Let's deal with (1) first. Volatile does not guarantee atomic reads or writes. For example, a volatile read or write of a 129-bit structure is not going to be atomic on most modern hardware. A volatile read or write of a 32-bit int is atomic on most modern hardware, but volatile has nothing to do with it. It would likely be atomic without the volatile. The atomicity is at the whim of the compiler. There's nothing in the C or C++ standards that says it has to be atomic.

Now consider issue (2). Sometimes programmers think of volatile as turning off optimization of volatile accesses. That's largely true in practice. But that's only the volatile accesses, not the non-volatile ones. Consider this fragment:

    volatile int Ready;       

  int Message[100];

  void foo( int i ) {

  Message[i/10] = 42;

  Ready = 1;

  }


It's trying to do something very reasonable in multi-threaded programming: write a message and then send it to another thread. The other thread will wait until Ready becomes non-zero and then read Message. Try compiling this with "gcc -O2 -S" using gcc 4.0, or icc. Both will do the store to Ready first, so it can be overlapped with the computation of i/10. The reordering is not a compiler bug. It's an aggressive optimizer doing its job.

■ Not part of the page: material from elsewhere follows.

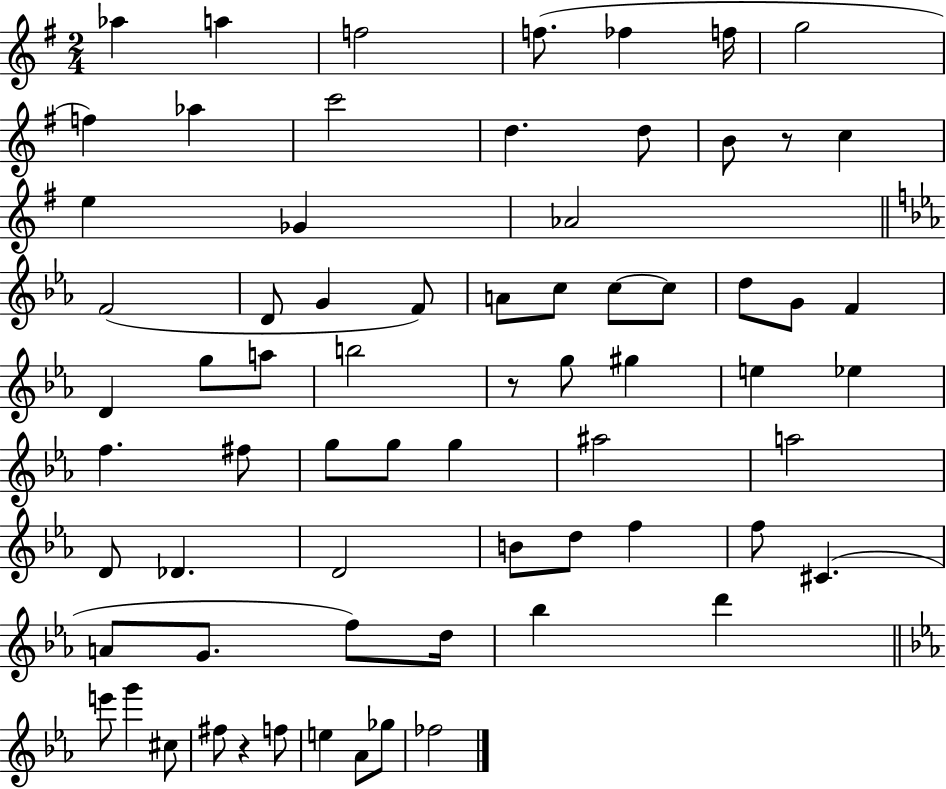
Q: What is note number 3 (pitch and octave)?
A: F5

You might think the solution is to mark all your memory references volatile. That's just plain silly. As the earlier quotes say, it will just slow down your code. Worst yet, it might not fix the problem. Even if the compiler does not reorder the references, the hardware might. In this example, x86 hardware will not reorder it. Neither will an Itanium™ processor, because Itanium compilers insert memory fences for volatile stores. That's a clever Itanium extension. But chips like Power™ will reorder. What you really need for ordering are memory fences, also called memory barriers. A memory fence prevents reordering of memory operations across the fence, or in some cases, prevents reordering in one direction. Paul McKenney's article Memory Ordering in Modern Microprocessors explains them. Sufficient for discussion here is that volatile has nothing to do with memory fences.

So what's the solution for multi-threaded programming? Use a library or language extension hat implements the atomic and fence semantics. When used as intended, the operations in the library will insert the right fences. Some examples:

    • POSIX threads

    • Windows™ threads

    • OpenMP

    • TBB



For example, the parallel reduction template in TBB does all the right fences so you don't have to worry about them.

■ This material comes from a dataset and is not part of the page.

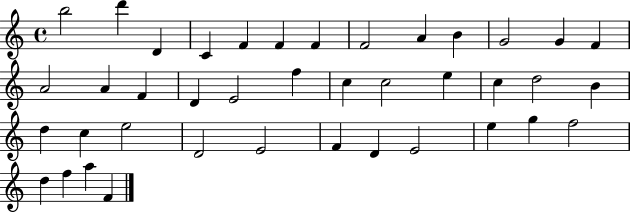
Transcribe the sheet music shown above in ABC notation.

I spent part of this week scrubbing volatile from the TBB task scheduler. We were using volatile for memory fences because version 1.0 targeted only x86 and Itanium. For Itanium, volatile did imply memory fences. And for x86, we were just using one compiler, and catering to it. All atomic operations were in the binary that we compiled. But now with the open source version, we have to pay heed to other compilers and other chips. So I scrubbed out volatile, replacing them with explicit load-with-acquire and store-with-release operations, or in some cases plain loads and stores. Those operations themselves are implemented using volatile, but that's largely for Itanium's sake.  Only one volatile remained, ironically on an unshared local variable! See file src/tbb/task.cpp in the latest download if your curious about the oddball survivor.
- Arch

For more complete information about compiler optimizations, see our Optimization Notice.

43 comments

Top
Arch D. Robison (Intel)'s picture

The committees indeed think very hard about this sort of thing. Adding fence semantics to volatile was considered by the C++ committee. See N2016 (http://www.open-std.org/jtc1/sc22/wg21/docs/papers/2006/n2016.html) for why adding fence behavior ("inter-thread visibility") to volatile was rejected.

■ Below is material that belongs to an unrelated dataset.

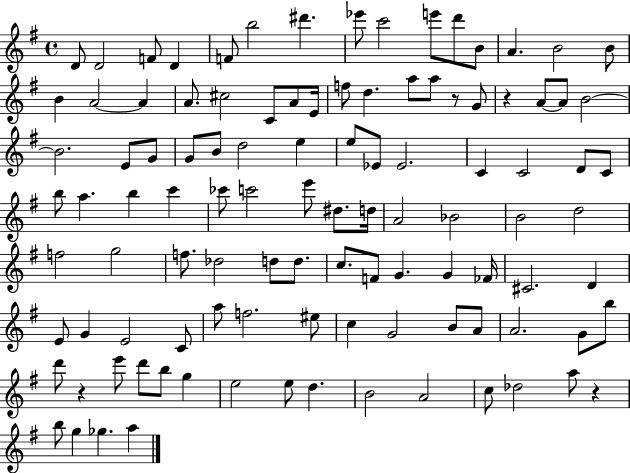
D4/e D4/h F4/e D4/q F4/e B5/h D#6/q. Eb6/e C6/h E6/e D6/e B4/e A4/q. B4/h B4/e B4/q A4/h A4/q A4/e. C#5/h C4/e A4/e E4/s F5/e D5/q. A5/e A5/e R/e G4/e R/q A4/e A4/e B4/h B4/h. E4/e G4/e G4/e B4/e D5/h E5/q E5/e Eb4/e Eb4/h. C4/q C4/h D4/e C4/e B5/e A5/q. B5/q C6/q CES6/e C6/h E6/e D#5/e. D5/s A4/h Bb4/h B4/h D5/h F5/h G5/h F5/e. Db5/h D5/e D5/e. C5/e. F4/e G4/q. G4/q FES4/s C#4/h. D4/q E4/e G4/q E4/h C4/e A5/e F5/h. EIS5/e C5/q G4/h B4/e A4/e A4/h. G4/e B5/e D6/e R/q E6/e D6/e B5/e G5/q E5/h E5/e D5/q. B4/h A4/h C5/e Db5/h A5/e R/q B5/e G5/q Gb5/q. A5/q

Instead, C++ 200x has support for fencing via its atomic operations library. See Chapter 29 of the working draft (http://www.open-std.org/jtc1/sc22/wg21/docs/papers/2008/n2606.pdf). With that library, the example can be written correctly as:

std::atomic_bool Ready;
int Message[100];
void foo( int i ) {
Message[i/10] = 42;
Ready = 1;
}

Intel Threading Building Blocks (http://www.threadingbuildingblocks.org) has a class tbb::atomic<bool> that similarly makes the example work. Disclaimer: that is a shameless plug from TBB's architect :-)

anonymous's picture

&gt;void foo( int i ) {
&gt; Message[i/10] = 42;
&gt; Ready = 1;
&gt; }
&gt;The reordering is not a compiler bug.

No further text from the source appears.